Na década de 1990 ainda a AIDS era considerada incurável e um tabu. Estar com a síndrome era como um carimbo de incompetência, incapacidade e tudo de inadequado, portanto evitado e malvisto. Neste cenário um amigo comum estava adoentado há tempos, dizendo que seu problema era respiratório, um misto de rinite com asma e estados gripais. Ele melhorava e retornava ao convívio do grupo; de tempos em tempos se afastava para tratamento. 
Até que passou a ficar cada vez mais afastado... no entanto, num aniversário meu fez questão de ligar cedinho para ser o primeiro a me desejar um ano maravilhoso. Este gesto, na hora, me fez dar um muxoxo - afinal, era muuuito cedo para quem chegava da balada com o sol - mas hoje me emociona demais... quanto carinho!

O aniversário dele era dali a alguns dias do meu. Passaram-se alguns aniversários e um dia era o dele, liguei para cumprimentar. Disse da minha saudade. Ele desconversou. A voz ficou murmurando no meu ouvido por dias, até que num sábado de muito calor liguei para ele e disse que queria vê-lo. Já sabia por amigos comuns que ele estava licenciado do trabalho por conta do tratamento, pois o quadro era grave. 

- Eu quero te ver, me dá seu endereço. - Insisti muito.

Argumentou que era longe, tentou explicar um caminho mas eu tinha guia de ruas - aquele livrão grosso que eu manejava com muita facilidade, pois gosto de mapas  - e portanto eu chegaria porque "longe é onde não quero ir".
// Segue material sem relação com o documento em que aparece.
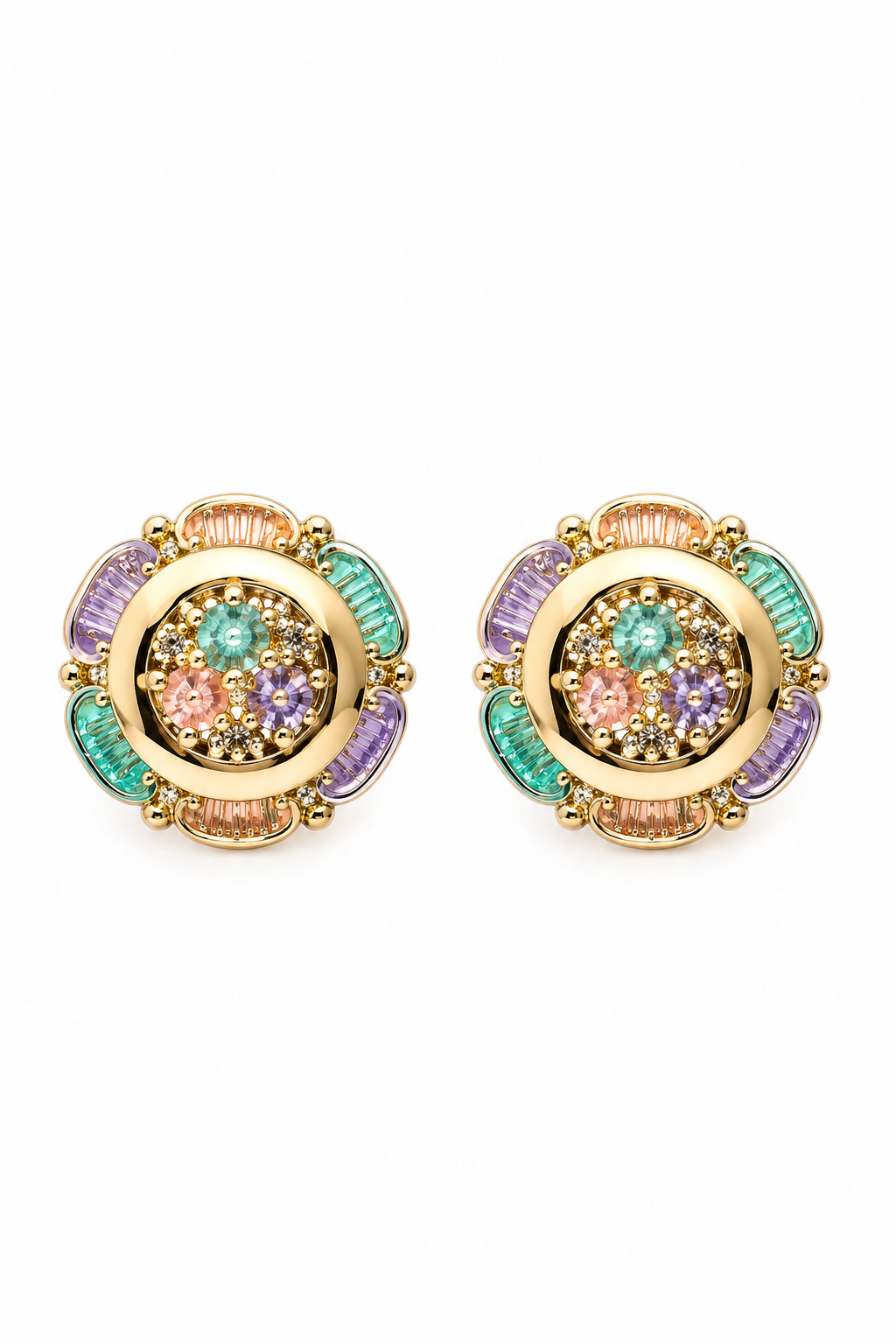 Vintage 1980s Pastel Floral Resin Dome Statement Stud Earrings | Pierced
- Pode vir, eu vou te esperar. 

Atravessei São Paulo e cheguei certinho na casa dele. A mãe veio abrir a porta e entrei, esbaforida. Ele estava sentado no sofá, abraçamos um ao outro com uma saudade aumentada com a queda das máscaras. A cor da pele indicava o tratamento, a magreza e a falta absoluta de forças. Almoçamos juntos no sofá vendo televisão, rimos. Fui embora de coração apertado após ter ouvido dele:
- Você não vai me ver mais. Eu não queria que você viesse, pois quero que na sua mente fique a minha imagem como me conheceu. Não quero que fale com nossos amigos sobre mim, e vou vigiar você de onde eu estiver. Você veio de insistente, e eu deixei você vir para me despedir. Quando sair daqui de casa, não olhe para trás.

Soube que ele morreu dali a duas semanas; não comentei com amigos que tinha ido vê-lo. Isso foi algo como 1996.

Janeiro de 2017. Meu grande amigo e mentor havia comentado de problemas de saúde em novembro, mas por diversos contratempos não fui vê-lo. Resolvi chamar pela rede social, e combinamos que eu iria em sua casa num fim de tarde. Poucas horas antes do encontro, vem a mensagem.

- Eu não posso te atender, vamos marcar para outro dia.

Na hora o sentimento foi de raiva; afinal, me organizei com agenda para ir e bater aquele papo gostoso, orientar sobre cuidados na recuperação dele, lembrar dos anos quando trabalhamos juntos. Eu tinha expectativas, muitas. Não pensei nele. Sim, fiquei beeem chateada.

- Não confia em mim. Não quer me ver.

Dias e semanas passaram até que eu entendesse algo simples: ele não quer me ver. Ele quer ficar sozinho, com seu problema. 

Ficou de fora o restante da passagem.